Madeira, officially the Autonomous Region of Madeira (Portuguese: Região Autónoma da Madeira), is one of the two autonomous regions of Portugal, the other being the Azores. It is an archipelago situated in the North Atlantic Ocean, in a region known as Macaronesia, just under 400 kilometres (250 mi) to the north of the Canary Islands and 520 kilometres (320 mi) west of Morocco. Madeira is geologically located on the African Tectonic Plate, though the archipelago is culturally, economically and politically European. Its total population was estimated in 2021 at 251,060. The capital of Madeira is Funchal, which is located on the main island's south coast.

During the reign of King Edward III of England, lovers Robert Machim and Anna d'Arfet were said to have fled from England to France in 1346. Driven off course by a violent storm, their ship ran aground along the coast of an island that may have been Madeira. Later this legend was the basis of the naming of the city of Machico on the island, in memory of the young lovers.

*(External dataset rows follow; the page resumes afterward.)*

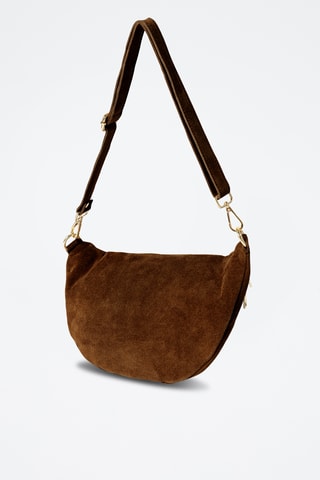 Sac banane en nubuck Iolanda - Marron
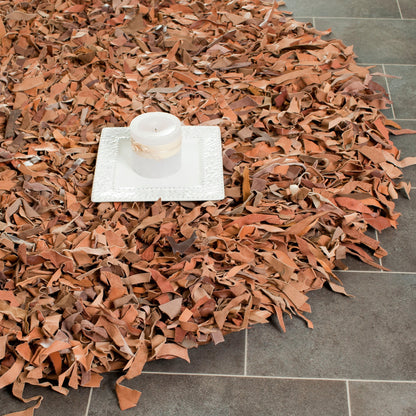 Tapis décoratif moderne en cuir fait main SAFAVIEH Shag Doinita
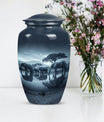 Classic 10-inch Elephant-themed cremation urn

In 1418, two captains under service to Prince Henry the Navigator, João Gonçalves Zarco and Tristão Vaz Teixeira, were driven off course by a storm to an island they named Porto Santo (English: holy harbour) in gratitude for divine deliverance from a shipwreck. The following year, an organised expedition, under the captaincy of Zarco, Vaz Teixeira, and Bartolomeu Perestrello, traveled to the island to claim it on behalf of the Portuguese Crown. Subsequently, the new settlers observed "a heavy black cloud suspended to the southwest." Their investigation revealed it to be the larger island they called Madeira.